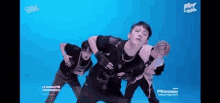 a group of men are dancing on a blue background .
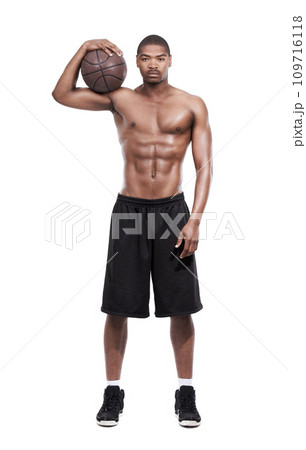 Fitness, power and portrait of black man with basketball, six pack and shirtless body muscle workout challenge. Sports wellness, health and professional athlete with ball isolated on white background 109716118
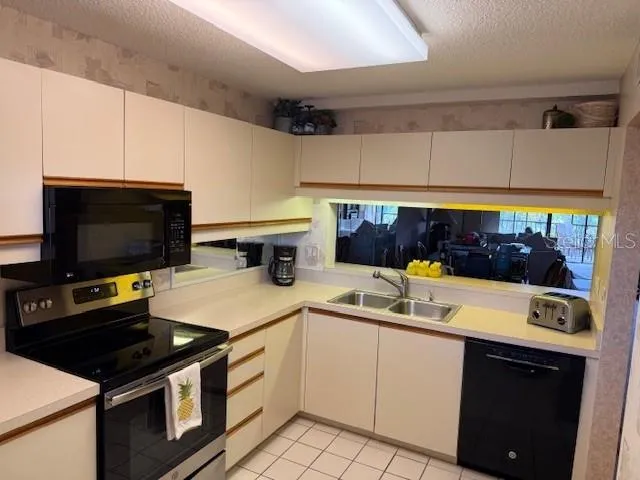 a kitchen with stainless steel appliances a stove a sink and a microwave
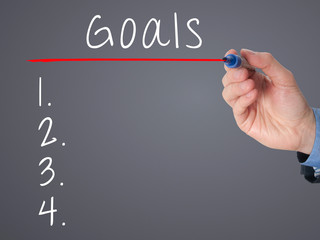 Businessman is writing goals list, planning on whiteboard.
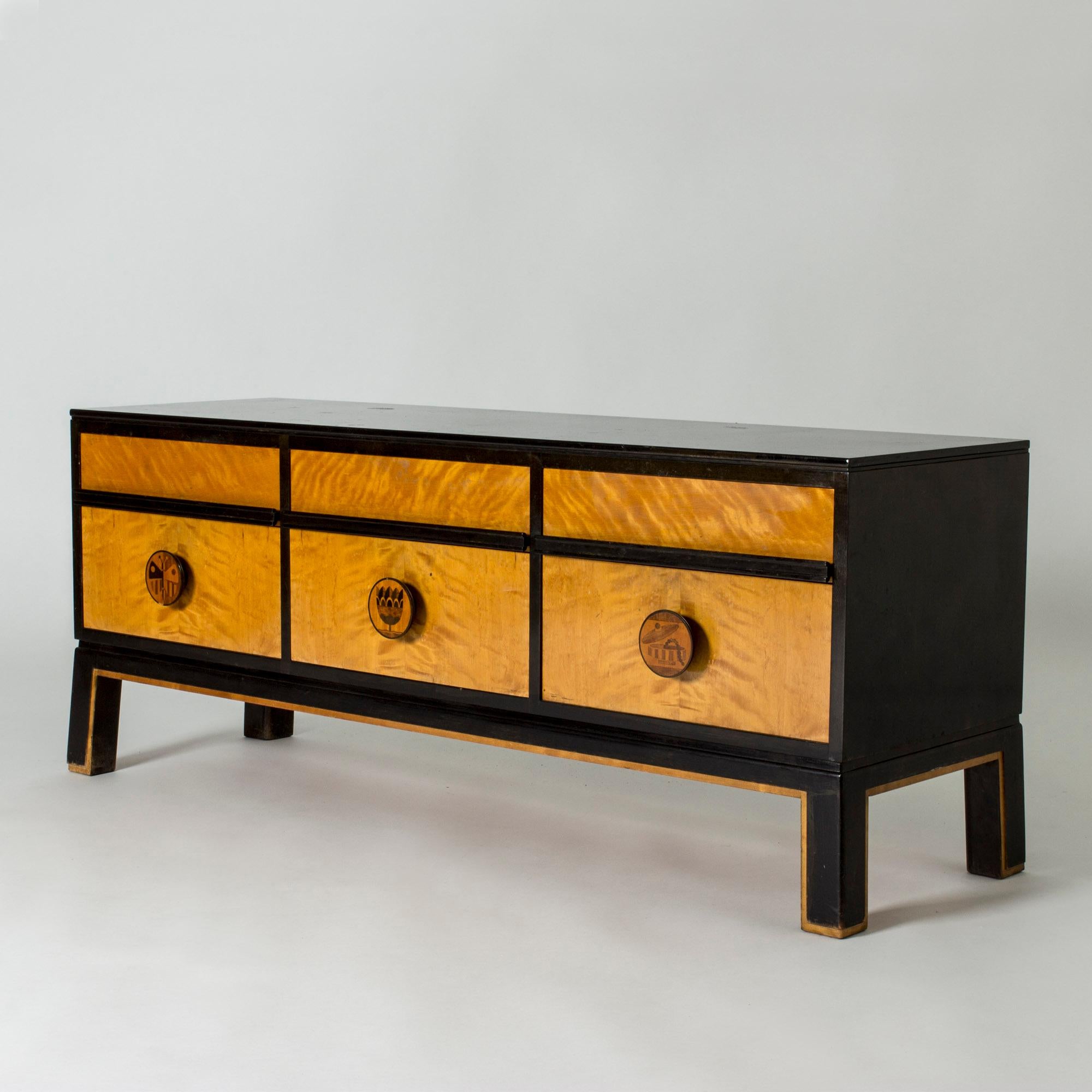 Elegant functionalist sideboard by Otto Schulz, with bold lines and contrasting birch and darker colored wood. Large round drawer handles with decorative inlayed motifs depicting a butterfly, a tulip and a jar with a string of pearls.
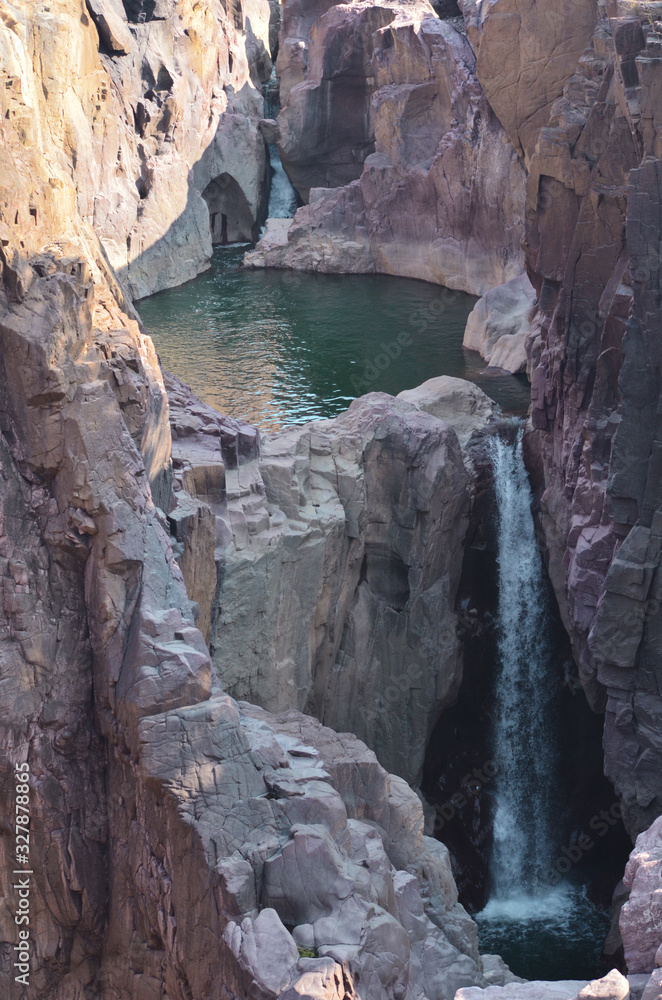small waterfall in mountains green water small waterfall in mountains green water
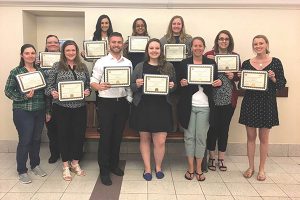 Mia Ginter (second in back from left) and Danielle Mason (back row, first on left) both of Brescome Barton, surrounded by fellow graduates in the Human Resource Certification program at CCSU.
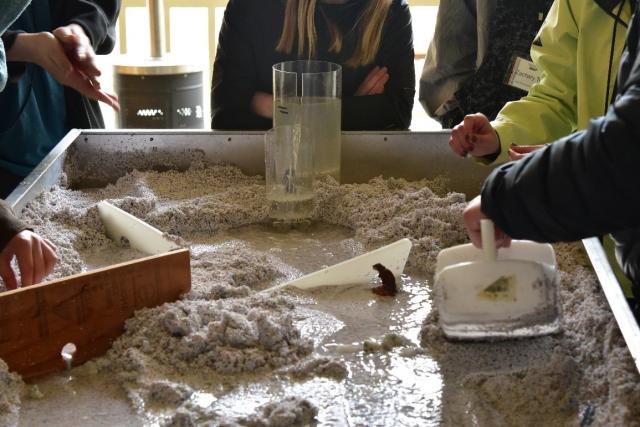 Students use the stream table at CCSC to simulate things that might impact water flow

◆ Directions for this task ◆
Return the stretch of data that begins with the line showing "Fitness, power and" and goes on through the line showing "Businessman is writing", exactly, with pictures removed.

◆ Answer box ◆
 Fitness, power and portrait of black man with basketball, six pack and shirtless body muscle workout challenge. Sports wellness, health and professional athlete with ball isolated on white background 109716118
 a kitchen with stainless steel appliances a stove a sink and a microwave
 Businessman is writing goals list, planning on whiteboard.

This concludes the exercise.